Run 2 Day's figurative CTM
The Board also thought that the earlier marks have a weak distinctive character because they both use the descriptive word “run”. When you consider that as well as the differences, the Board thought there was enough to exclude confusion. In addition, the figurative trademarks present even more differences.
Run 2 Day's figurative Benelux trade mark
The General Court annulled the decision of the Office, drawing a distinction between the exponent and the cardinal number, and assuming a knowledge of mathematics on the part of the relevant public much greater than that assumed by the Board. Thank goodness for that.

As for the value of the word RUN, the Board had contradicted itself by holding in paragraph 17 that the element RUN had to be considered identical, even though it was written in different case, but in the next paragraph suggesting that the case difference was important in the visual comparison. Finally, the Court said that Runners Point's sign will be read ‘RUN TOO’ or ‘RUN SQUARED’ by part of the relevant public while the earlier marks would be read ‘RUN TODAY’ (the Court called it a "jeu de mots", but it's a pretty exiguous one). It thought that the word ‘run’ could not be held insignificant in the comparison of the signs. As indeed it cannot, but if that's the best that can be said about a trade mark it's not a very good one, is it? The reason it's not insignificant is that all the signs involved are (IMHO) so pathetic.

The Court was also persuaded by the differences between the applicant's sign and the opponent's figurative marks, which had a lot more characters in them.

As far as the opponent's word trade mark was concerned the Court said:
... s’agissant de l’examen de la similitude visuelle, phonétique et conceptuelle entre la marque demandée et la marque verbale antérieure, la chambre de recours a commis des erreurs qui affectent le degré de similitude constaté des signes en conflit et vicient, par conséquent, son appréciation globale du risque de confusion opérée dans la décision attaquée.
The Board  made errors concerning the degree of conceptual similarity between the earlier word mark and the application, and these errors vitiated (nice word, ought to use it more) its global appreciation of the risk of confusion. So the Court upheld the opposition. It's a little difficult to disentangle the issues of similarity and confusion, especially with the Court's judgment being in French, but I think that quote helps.

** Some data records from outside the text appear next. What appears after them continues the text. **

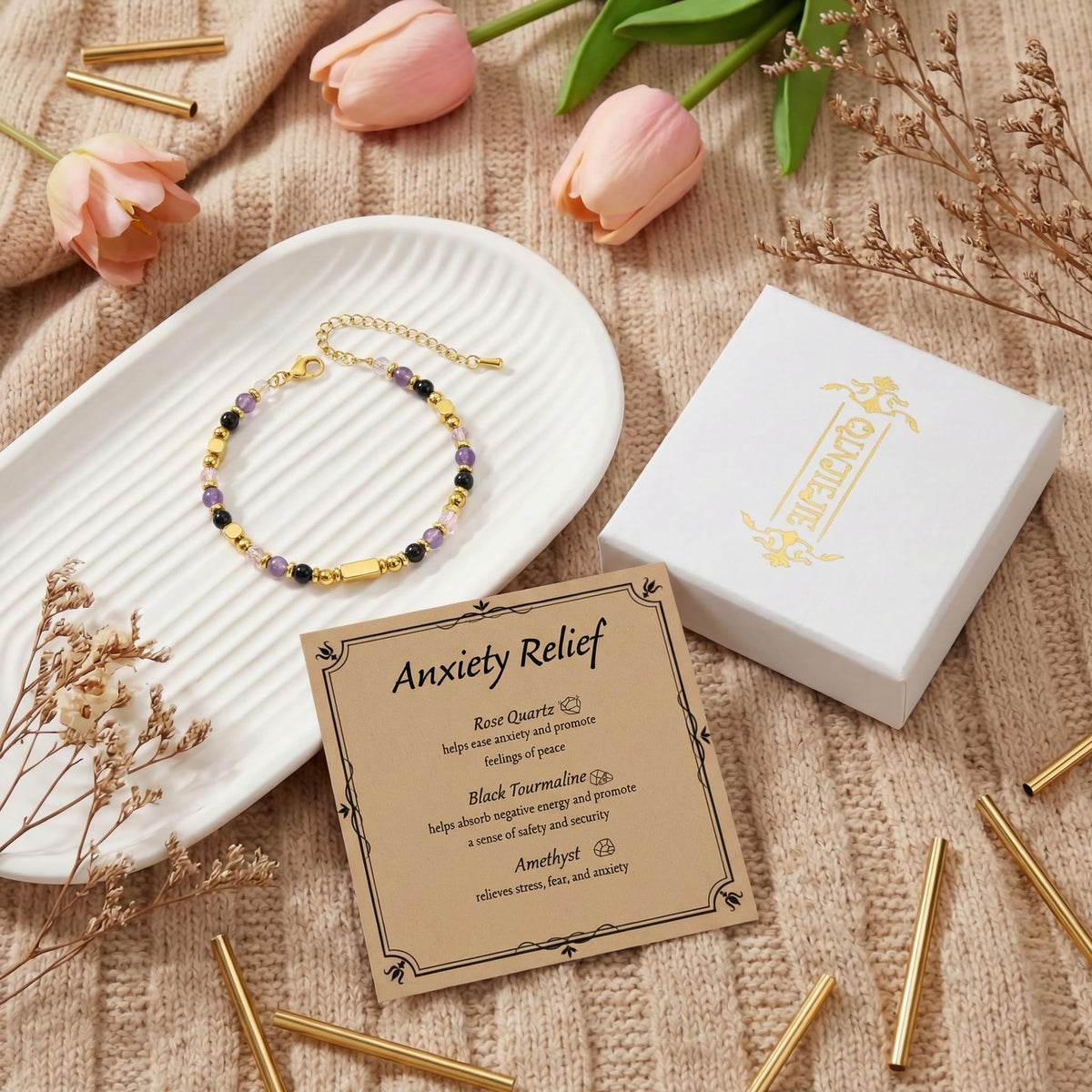 QINJIEJIE Anxiety Relief Bracelet for Women Stress Relief Gifts Healing Crystals Kalm Menopause Bracelets Depression Amethyst Crystal Anti Anxiety Panic Attack Relief Jewelry Crystal Bracelet
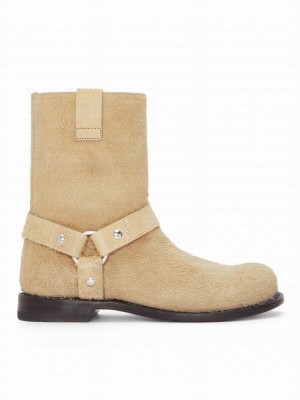 Loewe Women's Campo Biker Boot In Brushed Suede Cream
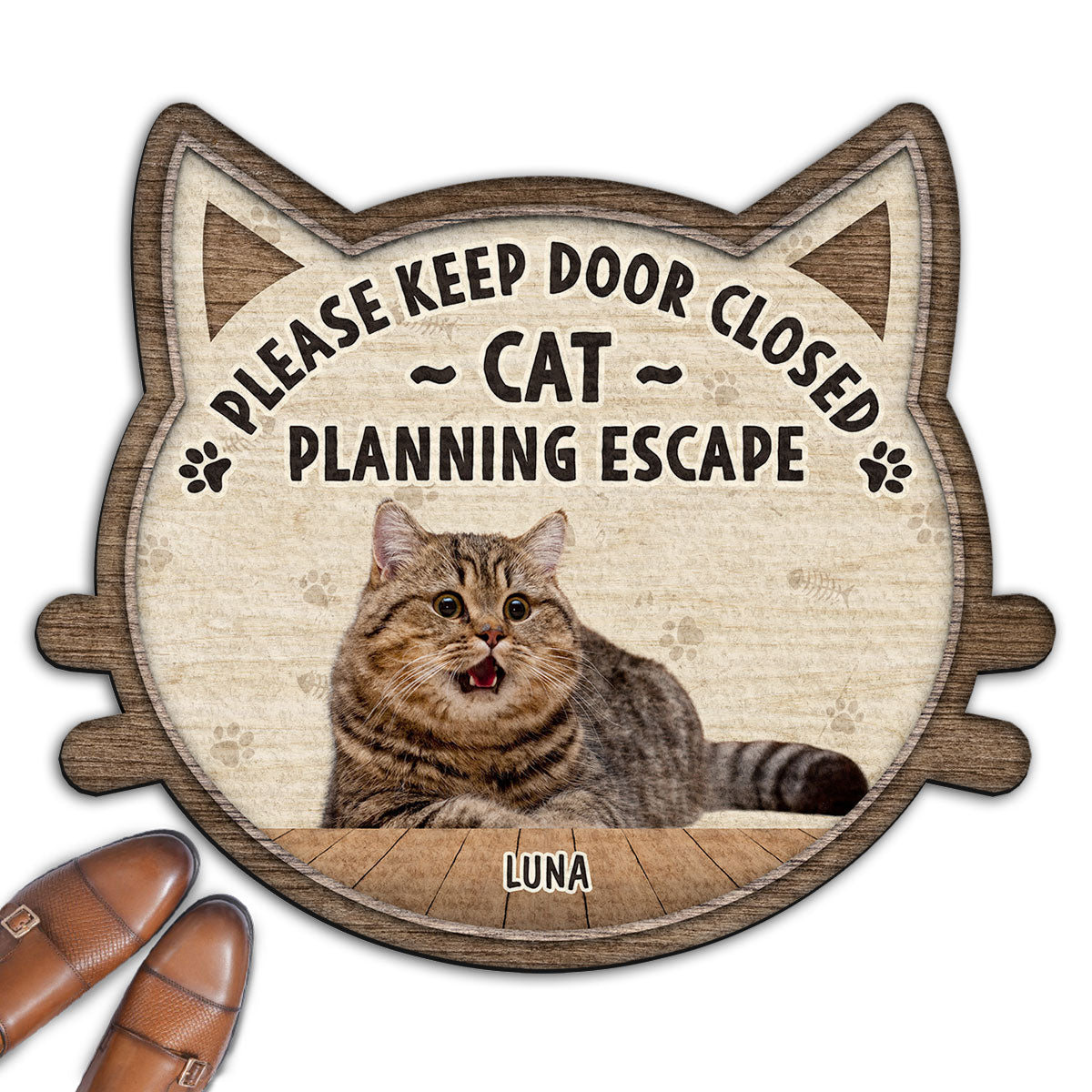 Personalized Custom Cats Planning Escape Photo Doormat - Ideal for Pet Lovers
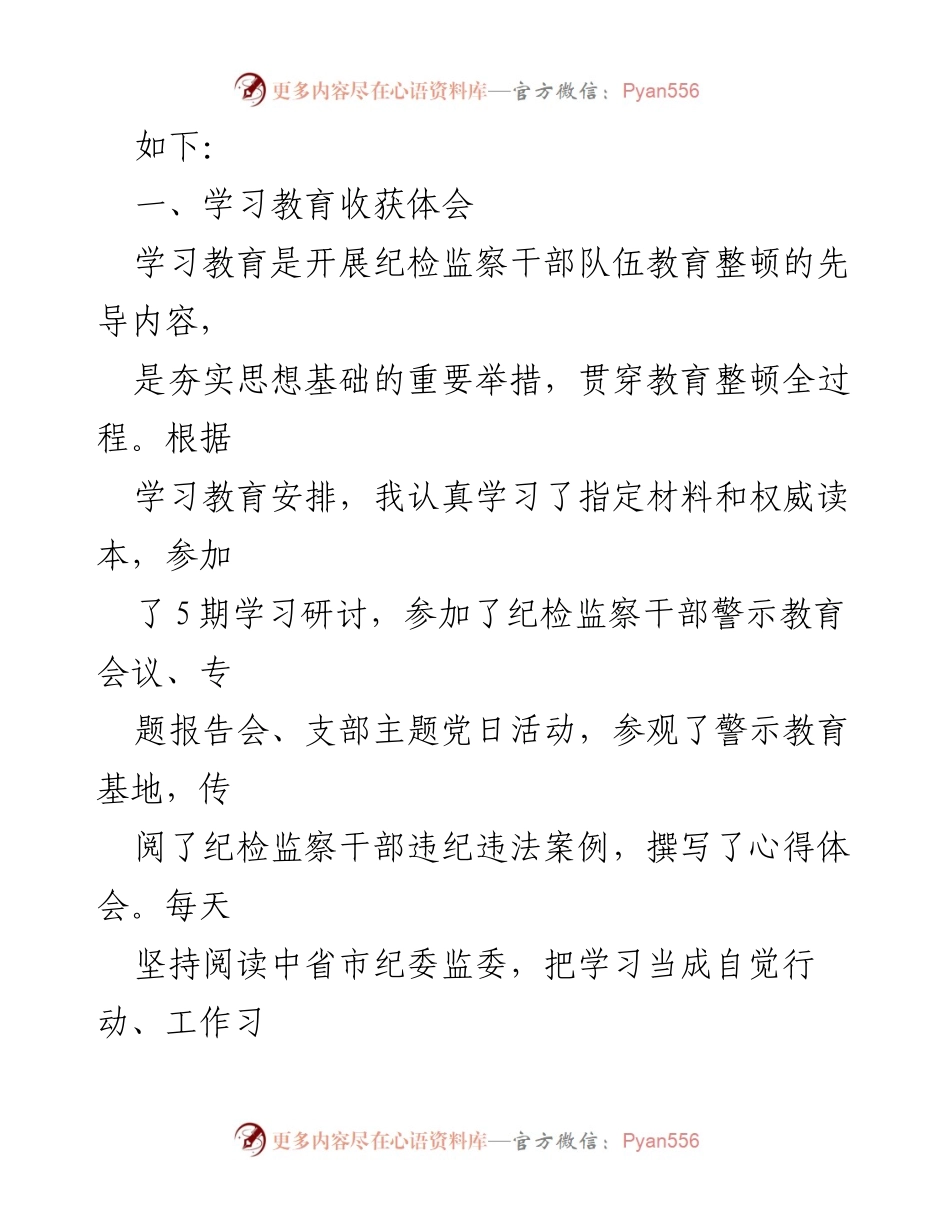 [工作总结] 纪检监察干部队伍教育整顿 - 自查自纠报告：六个方面问题的检视与整改措施.docx_第2页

But there are so many questions unanswered here. Why should any running shop be able to register a trade mark comprising, in large part, the word RUN? Should these marks not all have been rejected as too descriptive, or even as devoid of distinctive character? There would be a great deal less clutter on the register if, to use an unrelated athletic metaphor, the bar were set higher. Better to exercise your mind a little and come up with something original and memorable, or even inspired, like Sweatshop (which is, incidentally, registered on the basis of acquired distinctiveness to overcome an objection that it is descriptive of goods produced in a sweatshop. The mind boggles. As if anyone would build a brand on that proposition!) Why are Dutch and German companies addressing their customers in English, anyway? And finally, what happened to the apostrophe in the German company's name? If you're going to give yourself an English name, then at least get it grammatically correct!